Dennis’ first child, Mia Puent, was born hearing. She learned ASL in order to communicate with her family. Mia is now graduated from college with two degrees and has moved onto a very successful job. His second child, Hannah Puent, was born deaf. She plays college basketball at Gallaudet, which is a deaf and hard of hearing school, and plans to graduate in two years. His third child, Dylan, was also born deaf. He is a junior at the Indiana School for the deaf and has become a basketball star!

Dennis is very proud of his kids and the success they have had and that they will continue to have. The challenges that he overcame and the learning that he accomplished growing up has benefitted him so much in raising his kids to communicate with everyone. “They are very intelligent. They know a lot and they know how to approach hearing people, no matter what,” he exclaimed. The growth that came from his obstacles as a child has now assisted his children and their ability to approach the world with a positive and capable outlook. He makes it known that his children’s success is well earned and deserved. Being deaf does not inhibit them. It is not their disability. It is a hearing impairment. It is simply the way that they were born.

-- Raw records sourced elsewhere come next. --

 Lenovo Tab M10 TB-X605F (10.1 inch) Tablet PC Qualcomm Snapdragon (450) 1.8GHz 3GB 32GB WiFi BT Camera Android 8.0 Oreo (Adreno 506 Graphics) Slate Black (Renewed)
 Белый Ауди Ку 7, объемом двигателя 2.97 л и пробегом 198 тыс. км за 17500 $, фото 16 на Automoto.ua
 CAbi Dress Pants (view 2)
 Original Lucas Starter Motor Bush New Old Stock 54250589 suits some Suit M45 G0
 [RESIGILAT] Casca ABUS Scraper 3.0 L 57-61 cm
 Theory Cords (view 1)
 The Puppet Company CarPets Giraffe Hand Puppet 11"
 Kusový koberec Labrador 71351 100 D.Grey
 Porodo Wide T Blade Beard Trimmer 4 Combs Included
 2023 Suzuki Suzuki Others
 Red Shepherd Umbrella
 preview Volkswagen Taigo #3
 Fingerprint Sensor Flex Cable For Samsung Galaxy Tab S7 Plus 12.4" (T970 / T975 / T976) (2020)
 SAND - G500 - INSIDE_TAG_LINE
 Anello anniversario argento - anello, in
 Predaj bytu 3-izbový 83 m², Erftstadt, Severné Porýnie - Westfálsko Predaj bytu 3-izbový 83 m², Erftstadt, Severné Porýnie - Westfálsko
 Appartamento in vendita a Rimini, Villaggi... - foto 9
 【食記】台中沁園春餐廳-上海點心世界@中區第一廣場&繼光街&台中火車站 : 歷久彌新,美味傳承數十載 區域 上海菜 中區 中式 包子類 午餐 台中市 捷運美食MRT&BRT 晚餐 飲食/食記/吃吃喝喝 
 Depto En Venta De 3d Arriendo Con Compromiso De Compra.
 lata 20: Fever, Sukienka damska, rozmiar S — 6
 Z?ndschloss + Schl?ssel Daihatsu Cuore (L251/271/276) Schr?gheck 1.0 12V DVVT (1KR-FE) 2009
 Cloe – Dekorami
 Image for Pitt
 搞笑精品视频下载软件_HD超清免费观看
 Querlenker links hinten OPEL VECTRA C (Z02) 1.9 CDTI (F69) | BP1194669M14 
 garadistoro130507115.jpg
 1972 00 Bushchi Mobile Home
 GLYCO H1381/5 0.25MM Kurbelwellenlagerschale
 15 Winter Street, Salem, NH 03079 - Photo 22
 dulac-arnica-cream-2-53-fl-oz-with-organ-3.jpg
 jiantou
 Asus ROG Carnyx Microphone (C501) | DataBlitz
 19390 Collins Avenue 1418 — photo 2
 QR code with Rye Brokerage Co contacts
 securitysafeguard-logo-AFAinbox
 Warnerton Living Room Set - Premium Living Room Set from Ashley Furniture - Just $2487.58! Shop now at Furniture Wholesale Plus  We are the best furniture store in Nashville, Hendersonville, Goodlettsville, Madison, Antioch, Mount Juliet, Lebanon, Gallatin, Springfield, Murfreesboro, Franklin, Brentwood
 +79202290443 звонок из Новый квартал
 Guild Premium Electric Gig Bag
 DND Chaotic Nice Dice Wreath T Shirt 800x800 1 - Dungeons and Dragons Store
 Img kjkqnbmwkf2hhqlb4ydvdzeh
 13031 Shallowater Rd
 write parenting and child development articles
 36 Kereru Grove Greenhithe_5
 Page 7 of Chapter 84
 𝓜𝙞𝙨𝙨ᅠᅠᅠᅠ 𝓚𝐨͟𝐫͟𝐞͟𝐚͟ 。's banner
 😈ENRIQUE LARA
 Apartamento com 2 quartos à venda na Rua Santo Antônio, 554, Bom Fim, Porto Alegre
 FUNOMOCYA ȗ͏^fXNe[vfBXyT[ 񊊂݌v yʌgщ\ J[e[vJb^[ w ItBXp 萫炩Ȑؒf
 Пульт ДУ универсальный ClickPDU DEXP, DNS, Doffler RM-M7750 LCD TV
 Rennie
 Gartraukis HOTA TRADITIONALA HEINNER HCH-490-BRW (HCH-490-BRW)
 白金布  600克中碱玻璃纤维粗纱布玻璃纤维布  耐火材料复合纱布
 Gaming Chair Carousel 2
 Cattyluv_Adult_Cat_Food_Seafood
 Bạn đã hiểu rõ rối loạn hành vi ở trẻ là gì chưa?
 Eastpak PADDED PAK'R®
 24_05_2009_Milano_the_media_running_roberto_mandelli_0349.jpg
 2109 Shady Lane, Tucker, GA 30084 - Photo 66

Because of the adaption and growth that Dennis went through growing up in a fully hearing family, and the amount of learning he had to do in order to communicate with them, he was able to translate that knowledge over into a family of his own. Teaching his kids how to communicate with hearing people via body language, writing, lip reading, or technology was natural for Dennis. It was an important skill that he was able to pass on because of his own personal experience. However, it was not the lip reading, or communicating that was the most important to him. He wanted to make sure that his kids grew up knowing their value as a person. He taught his children that being deaf is not a disability or disadvantage for them. He made sure they knew that their worth, abilities, and opportunities are not hindered by how they were born. Communicating with hearing people is a part of life and a given. He taught them not to be scared of that, but rather to embrace their value as just the same. “I feel like we [people] are all the same,” Dennis stated.

We Are All the Same

Circumstances, routes in life, adaptions, certain opportunities, (etc.) may differ, but deep in the core of all people, we are all the same. We all feel the same. We all cry the same. We all dream the same. We all fall in love the same. And we all bleed the same. Learning to adapt to a hearing world is difficult. It’s a struggle, and it involves some serious dedication and frustration. When so many people around you are communicating the same way with each other, it can be easy to get mad and just give up because it is unfair. But deaf people do not really have a choice. Giving up is not an option for them, because so much of the world involves communicating with hearing people. They choose to persevere and adapt.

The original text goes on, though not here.